Yes. Spend money it doesn't have and piss people off. It's really quite excellent at those things.
We can't let Afghans who helped us in! They probably have Ebola!
Or they want to get gay married and sue under public accommodation laws!
They'll force everyone to make Ebola wedding cakes!
Now you finally understand the disposition matrix for drone process.
What kind of fool trusts the U.S.? It's not like they don't have a history.
I saw this movie. They tried to sneak them out, but the developing of the film didn't work, so the fake passport for Anketell Brewer wasn't usable.
That guy should just change his name to Mohammed and try to blend in...
Just get him to El Salvador and he can get into America from there.
Ok, I've had enough nut punches for today, time to lighten the mood a little bit.
In the old west, a man robbed a bank in El Paso and rode out of town. The sheriff quickly formed a posse and tracked him down to a small cantina near the border. The sheriff decided to interrogate the bank robber their and try to find out where he had hidden the money. But the bank robber only spoke Spanish, do they got the bartender to translate.
Sheriff through translator-"Where's the money?"
Bank robber through translator"I'll never tell you."
*Sheriff pulls his revolver and puts it to the bank robbers head*"Tell me where the money is"
Bank robber(in Spanish) okay, okay, I hid it under the bridge north of town.
Translator" He said he's not afraid to die."
+1
This is, quite simply, a Grade-A dick move on the part of our government. It's no great mystery what happens to collaborators on the departure of an occupying army; still less when the native powers that be are as vicious as are the ones in Afghanistan today. Quite simply, a refusal to stand for our translators in defiance of the oral and written agreements to the contrary is a betrayal of principle and a signal to those who would support us that it does not pay to help the US or to oppose our enemies.

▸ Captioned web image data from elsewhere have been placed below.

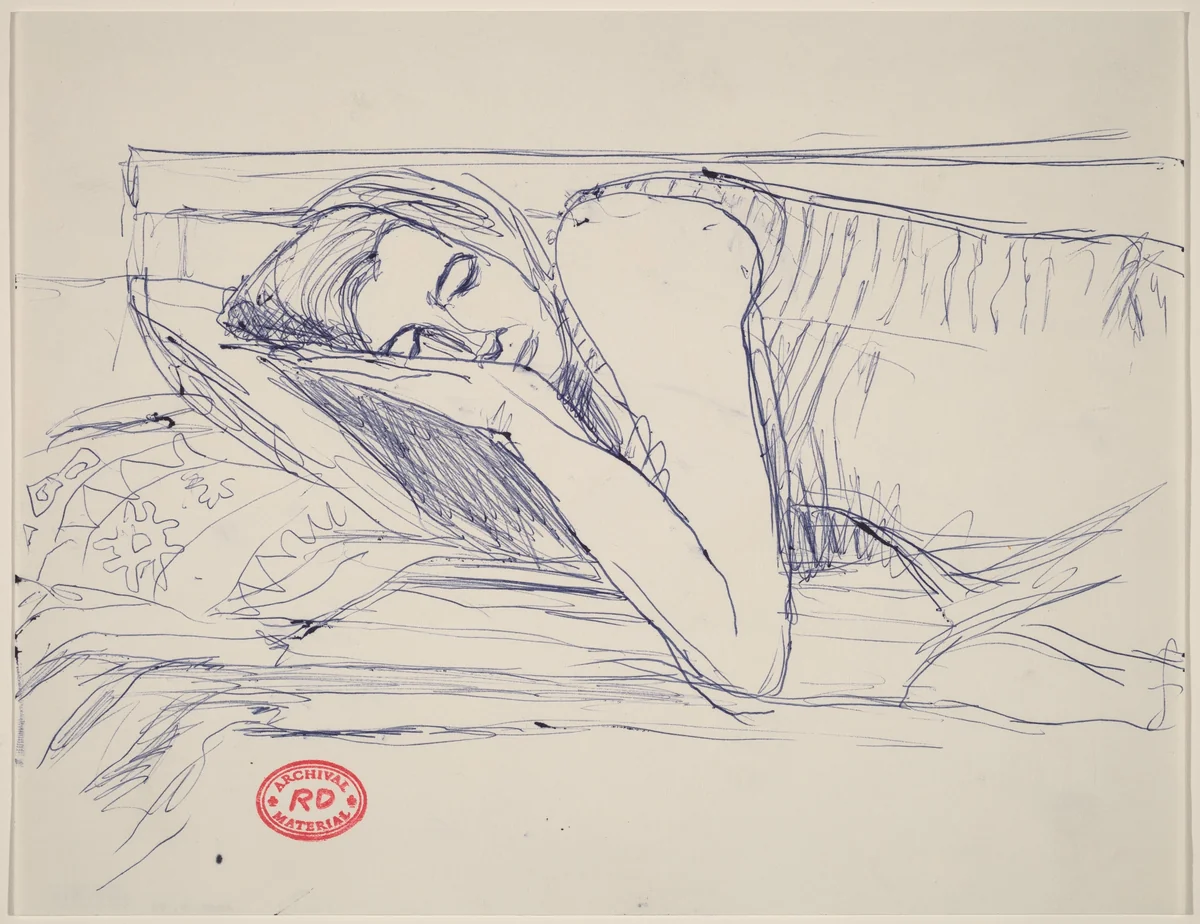Untitled [woman sleeping with head on pillow] by Richard Diebenkorn, drawing, 1955-1967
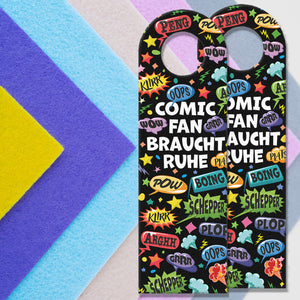Comic Türhänger mit Spruch: Comic-Fan braucht Ruhe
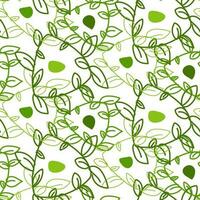 A pattern of green leaves of abstract braided shapes. Background for printing on eco theme. Fresh themes of spring, nature, flowering. Botanical seamless pattern, hand-drawn art lines vector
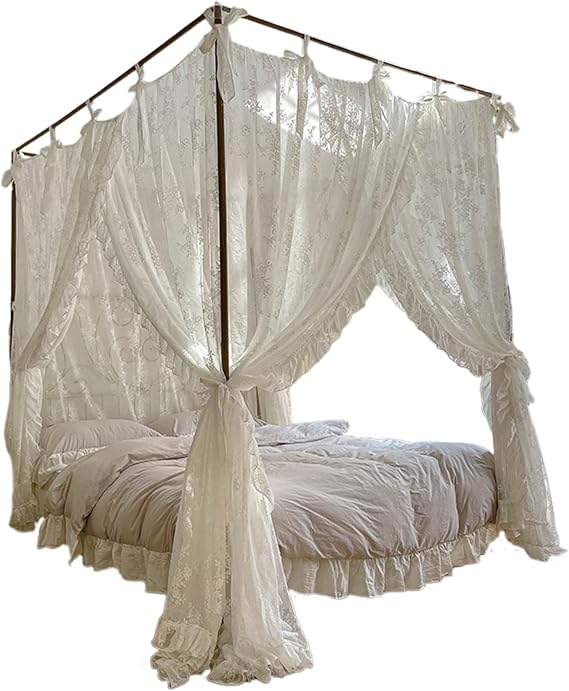 Canopy Bed Curtains, Three-Opening Lace Princess Bed Canopy, 4 Corner Post Hanging Curtains with Ties Fit 4.92ft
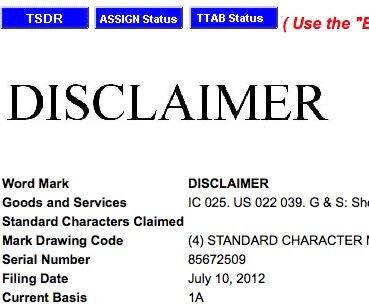 what is a trademark disclaimer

This is at best a Grade-B dick move; the Grade-A dick move was invading Afghanistan in the first place.
"You fucked up. You trusted us."
You've helped the US? Sorry, red tape prevents us from giving you that visa we promised.
You're an uneducated Honduran teen with gang tattoos and a bad cough? Welcome to America! Here's your EBT card. We'd like you to show up at a hearing in six months. Yes, I know it's funny, but we have to say that. Of course it won't matter if you don't show up!
Re: PapayaSF,
There. More accurate.
How do you think a lazy oaf like Sheila Jackson Lee gets reelected?
Is there a need for a separate voter registration form? I thought that's what Motor Voter was for.
Welcome to my world.
I have been trying to help two Iraqis get out...one may be about out of there, one is hung up in paperwork hell. I even had the local Congress Critter's staff get involved.
Sometimes we suck, here in America.
I don't agree (really strongly disagree) with Papaya on immigration - but he's right that the southern border is pretty porous.
This dude should just get a flight into Mexico and pay for some fake documentation, change his name to Juan valdez, and slip across the border.
Not only would he have a greater chance to get in but face less punishment if caught.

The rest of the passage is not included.